--- Available data ---
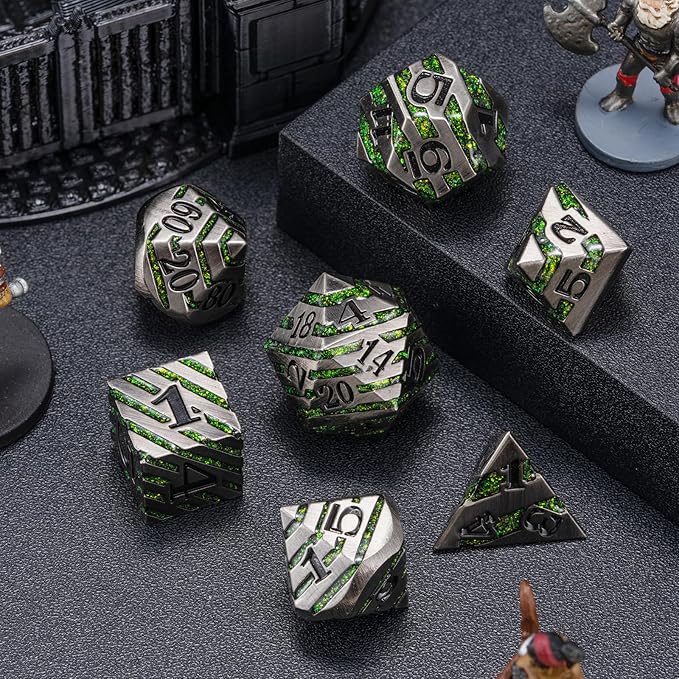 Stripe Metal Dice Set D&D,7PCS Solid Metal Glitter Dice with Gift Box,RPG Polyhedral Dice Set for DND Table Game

==

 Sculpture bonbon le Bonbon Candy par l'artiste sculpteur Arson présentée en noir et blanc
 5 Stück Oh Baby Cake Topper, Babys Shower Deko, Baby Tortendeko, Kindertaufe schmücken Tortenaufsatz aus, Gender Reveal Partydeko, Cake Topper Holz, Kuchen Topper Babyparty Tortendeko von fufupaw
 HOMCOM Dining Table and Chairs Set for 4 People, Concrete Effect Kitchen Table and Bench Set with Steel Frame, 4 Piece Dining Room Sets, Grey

--- Exercise details ---
Copy back the listing above exactly, but only from the line with "Sculpture bonbon le" through the line with "HOMCOM Dining Table", both ends included.

--- Worked solution ---
 Sculpture bonbon le Bonbon Candy par l'artiste sculpteur Arson présentée en noir et blanc
 5 Stück Oh Baby Cake Topper, Babys Shower Deko, Baby Tortendeko, Kindertaufe schmücken Tortenaufsatz aus, Gender Reveal Partydeko, Cake Topper Holz, Kuchen Topper Babyparty Tortendeko von fufupaw
 HOMCOM Dining Table and Chairs Set for 4 People, Concrete Effect Kitchen Table and Bench Set with Steel Frame, 4 Piece Dining Room Sets, Grey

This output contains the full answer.